# What you have to do
Without including any image, retype the records word for word.

# Data to examine
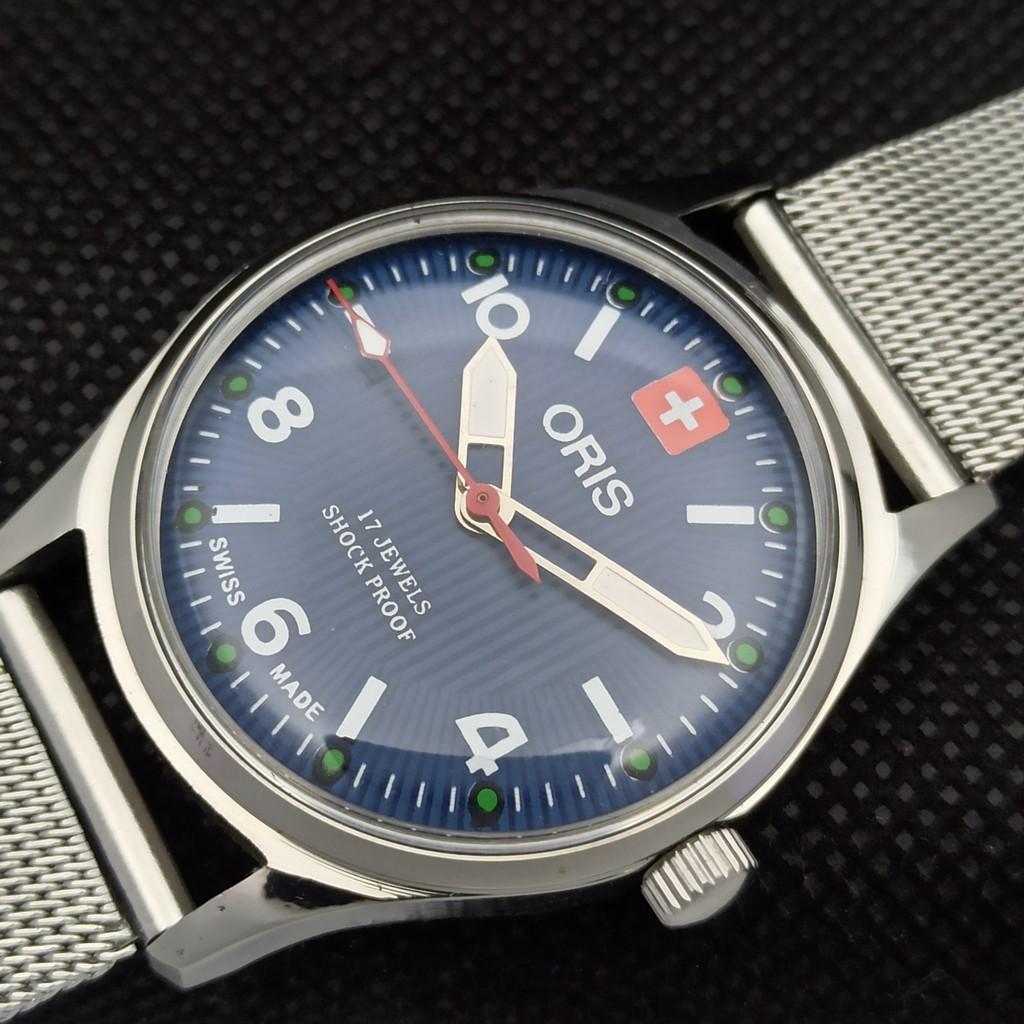 REFURBISHED ORIS WINDING SWISS MENS VINTAGE WRIST BLUE WATCH 558b-a296789-1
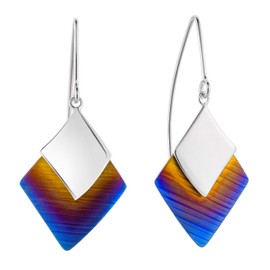 Women's Earrings Genuine 925 Silver Blue Purple Jewellery Case Small Gifts for Women, Sterling Silver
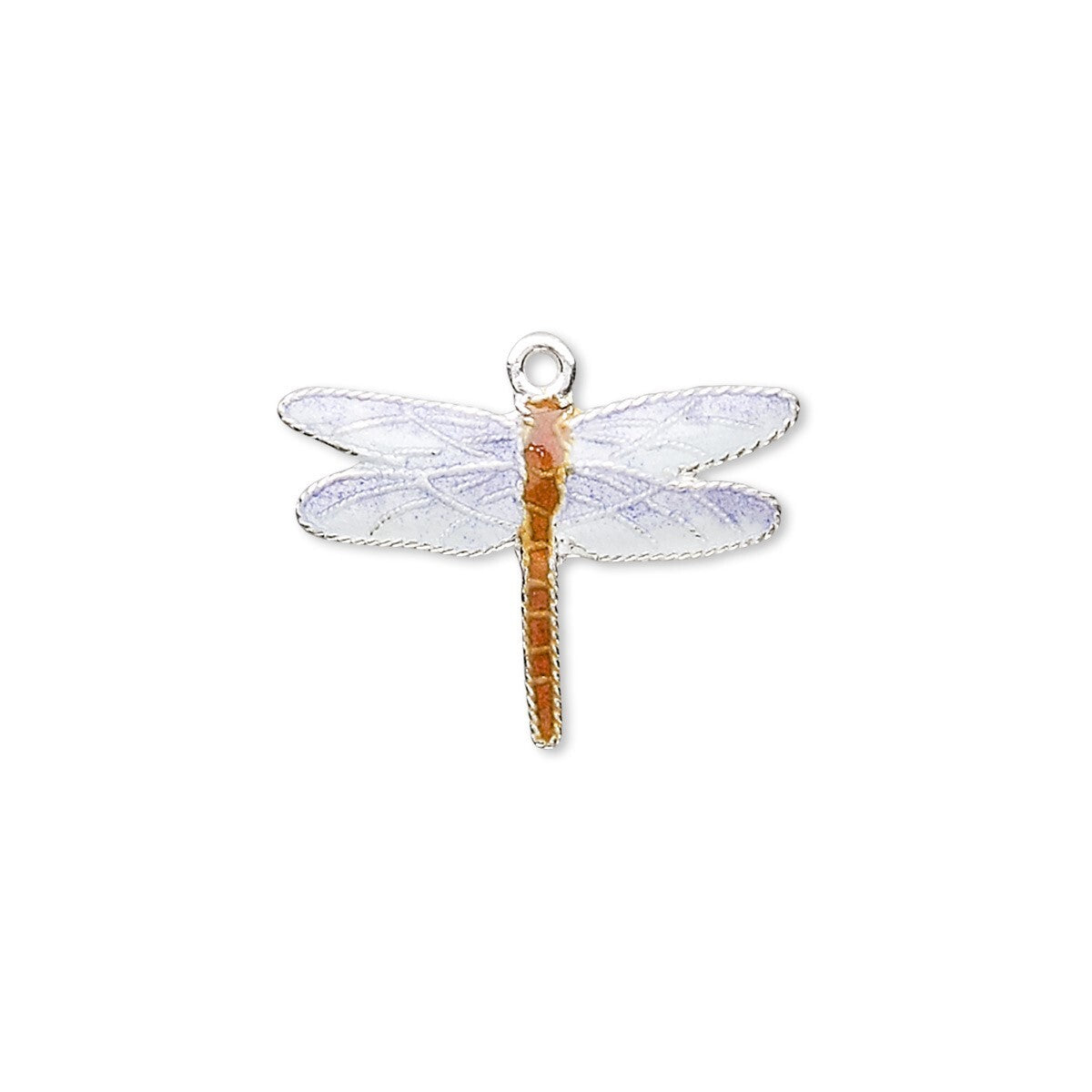 Cloisonné Sterling Silver Dragonfly Charm 20x16mm Blue & Brown (1 pc)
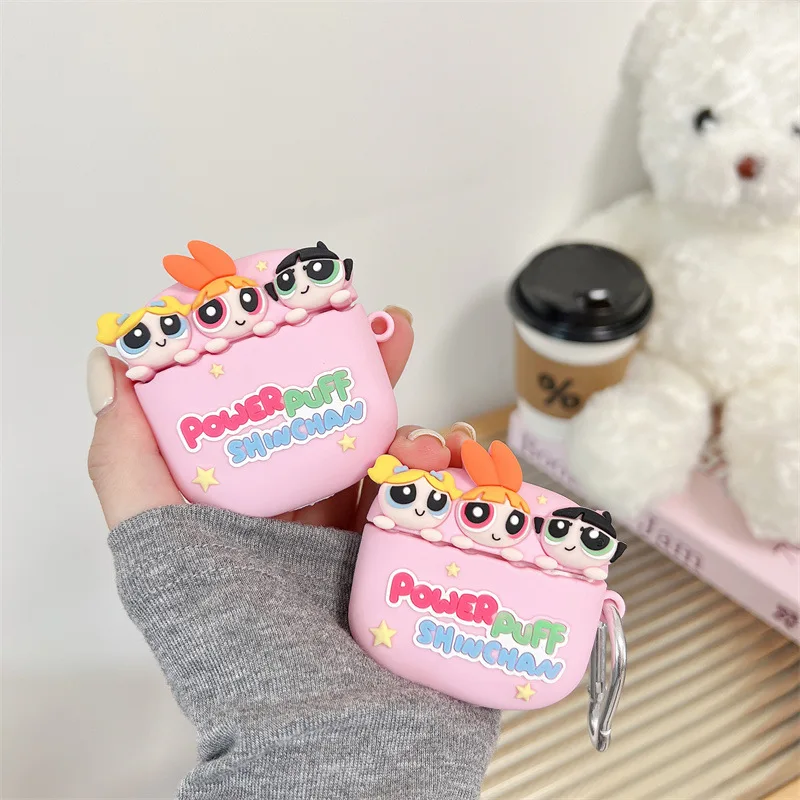 The Powerpuff Girls Cute Cartoon Airpods Pro2 Earphone Protective Case Kawaii Periphery Toy Keychain Pendant Lovely Holiday Gift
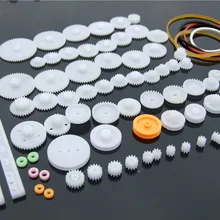 75 шт. в партии, пластиковая шестерня, стойка, шкив, ремень, Червячная Шестерня, одинарная и двойная передача, 8-56 зубьев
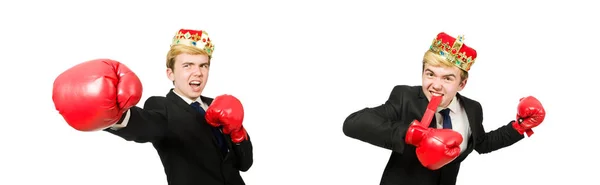 Funny businessman with crown and boxing gloves — Stock Photo, Image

# Reply to the exercise
 REFURBISHED ORIS WINDING SWISS MENS VINTAGE WRIST BLUE WATCH 558b-a296789-1
 Women's Earrings Genuine 925 Silver Blue Purple Jewellery Case Small Gifts for Women, Sterling Silver
 Cloisonné Sterling Silver Dragonfly Charm 20x16mm Blue & Brown (1 pc)
 The Powerpuff Girls Cute Cartoon Airpods Pro2 Earphone Protective Case Kawaii Periphery Toy Keychain Pendant Lovely Holiday Gift
 75 шт. в партии, пластиковая шестерня, стойка, шкив, ремень, Червячная Шестерня, одинарная и двойная передача, 8-56 зубьев
 Funny businessman with crown and boxing gloves — Stock Photo, Image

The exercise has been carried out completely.